Spending 12 days at the Cannes Film Festival is, for movie lovers, pretty close to paradise, and most years it’s extremely easy to lose track of the world outside. Not so this year.

Even if nearly all critics and journalists dutifully switched off their phones during screenings, most of us couldn’t resist powering up immediately afterward to check for news updates. World events don’t stop unspooling as we’re sitting in the dark. Plus, security was tighter than ever this year: at press screenings and gala premieres, every saggy backpack and bejeweled minaudière was thoroughly inspected by the cheerful staff, women in sleek Mondrian-style dresses that Emma Peel would have loved. Everything in Cannes, including the employees’ uniforms, is just a little bit glamorous. That’s less a way of avoiding an uncertain, scary world than an act of standing as a bulwark against it.

Yet despite the dazzling, parade-of-stars setting, one way or another Cannes always brings the outside world to its screens. One of the best movies at the festival this year, Andrey Zvyagintsev’s Loveless, is a story about divorcing parents (Maryana Spivak and Aleksey Rozin) whose child goes missing. But those are just the basics: Zvyagintsev–director of the 2014 Oscar nominee Leviathan–uses that plot to weave an allegory about modern Russia and the heartlessness of its government. The picture is made with a seeming chilliness that’s actually a kind of anguished warmth. And Swedish director Ruben Ostlund’s The Square–which won the festival’s top prize, the Palme d’Or–is a sly, sardonic picture about a dashing museum curator (Claes Bang) whose dysfunctional institution is a microcosm of the larger world. Can art, or the tools used to promote it, cross the bounds of moral responsibility?
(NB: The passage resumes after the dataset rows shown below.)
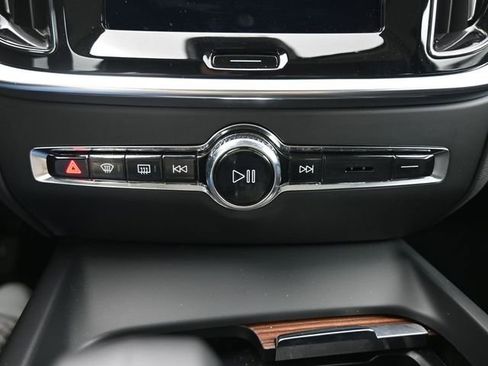Used 2023 Volvo S60 B5 Ultimate image 11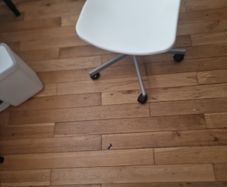 Child's rotating office chair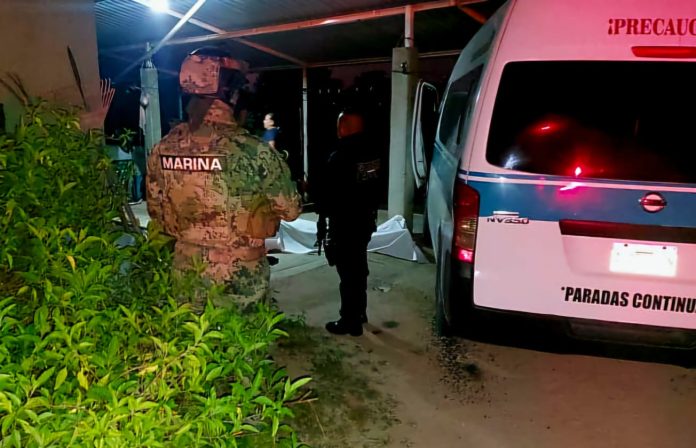 Chofer de combi muere tras chocar su unidad contra una barda, en LC Chofer de combi muere tras chocar su unidad contra una barda, en LC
What does it take to jog the upper classes out of their comfortable insularity? The Square is outlandishly funny and biting, and it features a fascinating and sometimes disturbing performance by Terry Notary, the gifted actor and movement choreographer who has helped bring motion-capture characters to life in the Hobbit and Planet of the Apes movies.

But if many of the movies at this year’s Cannes struck a somber or thoughtful chord, there was joy to be found too. In François Ozon’s rapturously twisted, Brian De Palma–style thriller L’Amant Double, a young woman suffering from possibly psychosomatic stomach pains (Marine Vacth) falls in love with her therapist (Jérémie Renier), whose secret life draws her into a web of deceit and kinky sex. Yet more proof, should you need it, that the French really know how to live.
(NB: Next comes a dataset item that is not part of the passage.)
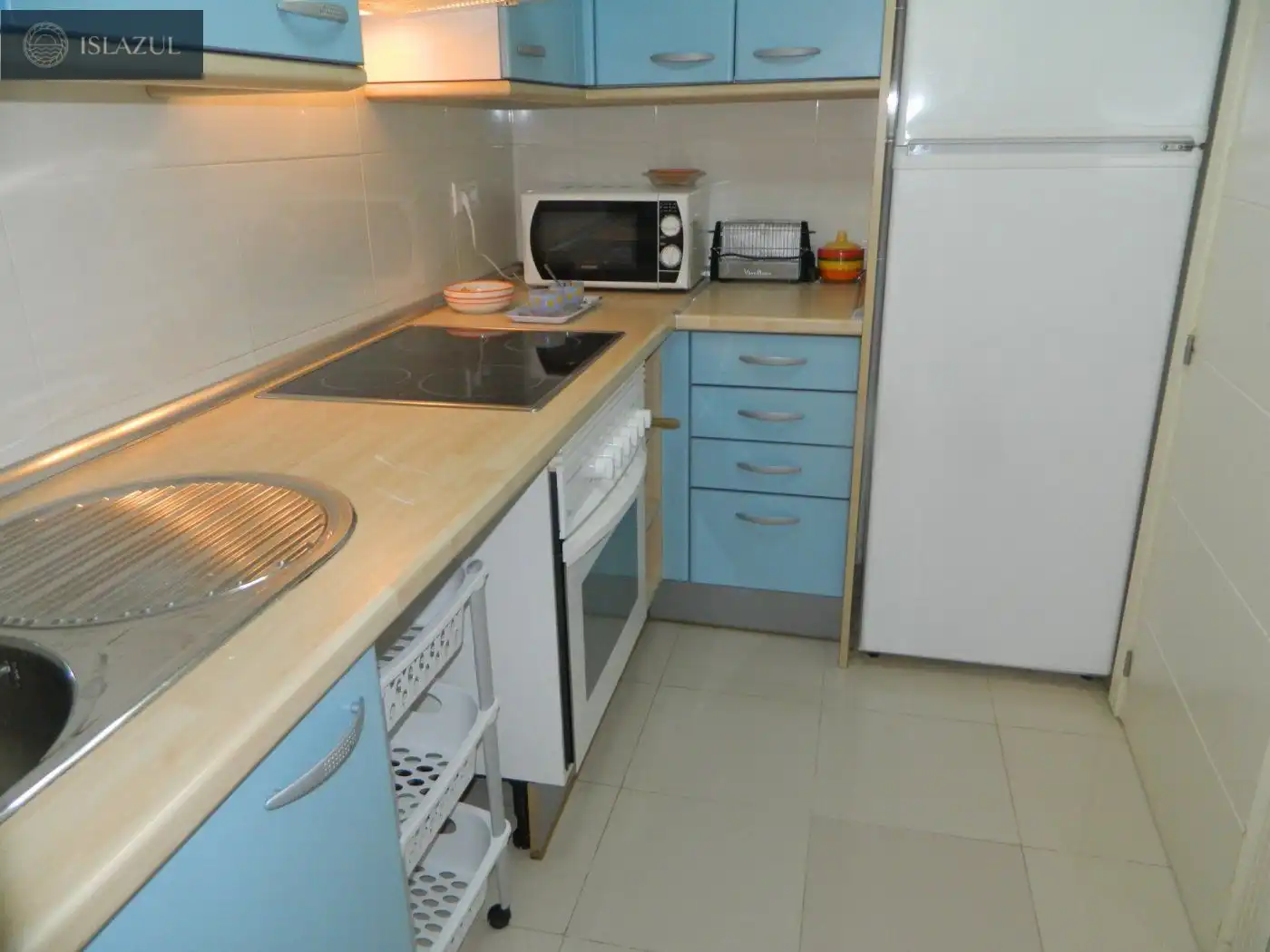 Cocina de Dúplex de alquiler en Isla Cristina con Terraza, Balcón y Piscina comunitaria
Sofia Coppola’s The Beguiled offers ambrosia of another sort. The director has remade a seedy 1971 Don Siegel thriller (starring Clint Eastwood) into a poetic and haunting meditation on what men want from women, what women want from men, and the desperate depths to which both will go to get it. Nicole Kidman–who was the queen of Cannes this year, appearing in no fewer than four movies or made-for-television projects presented at the festival–plays the headmistress of a girls’ boarding school in war-bedraggled 1864 Virginia. The women there–including Elle Fanning, who plays a student, and Kirsten Dunst, a teacher, both superb–fall under the spell of a wounded Union soldier (Colin Farrell) who infiltrates their stifling world. Coppola has made a serene, supple, gorgeous picture that hits more than a few notes of despair. Its skin is fair, but its heart is dark.
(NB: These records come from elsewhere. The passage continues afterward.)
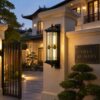 Đèn gắn tường năng lượng mặt trời SLDGTTK-MT sáng vàng ấm trên trụ cổng biệt thự lúc chạng vạng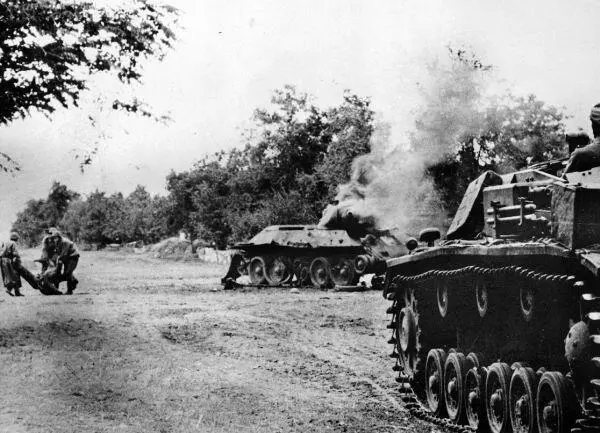 Штурмовое орудие StuG III AusfA из состава моторизованной бригады СС - фото 57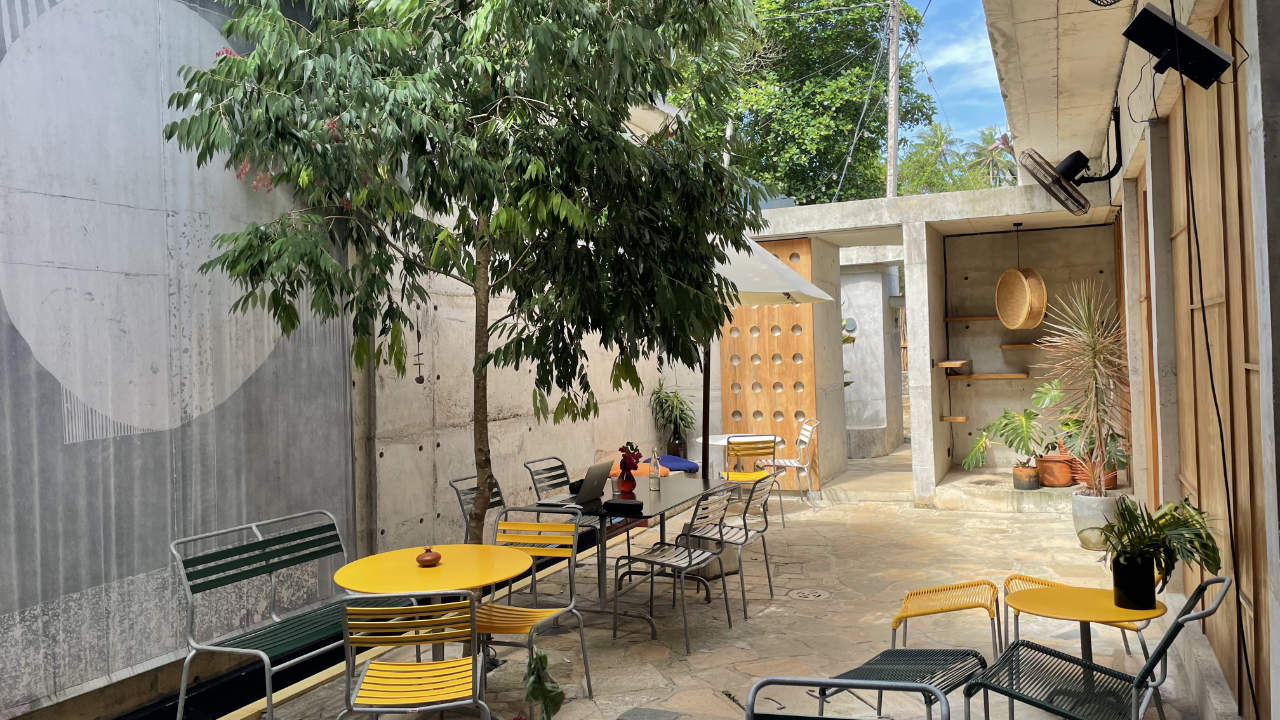 Innenhof im Mond-Café Sri Lanka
Among the most heartfelt films of Cannes 2017, Todd Haynes’ Wonderstruck, adapted from Brian Selznick’s novel, tells the dovetailing stories of two 12-year-olds, Ben (Oakes Fegley) and Rose (Millicent Simmonds), living 50 years apart. Ben, living in 1977 Gunflint Lake, Minn., loses his mother and, in a particularly cruel twist of fate, loses his hearing in a freak accident shortly thereafter. Rose, growing up in 1927 Hoboken, N.J., is also deaf, and she too has lost her mother, in a way. She finds solace at the movies, and in building miniature cities out of paper, a way of expressing herself outside the world of words. This is a love letter to the pleasure of making anything by hand and a story of finding your way to the people who understand you–and it’s just a portion of the riches that await movie lovers in the months ahead.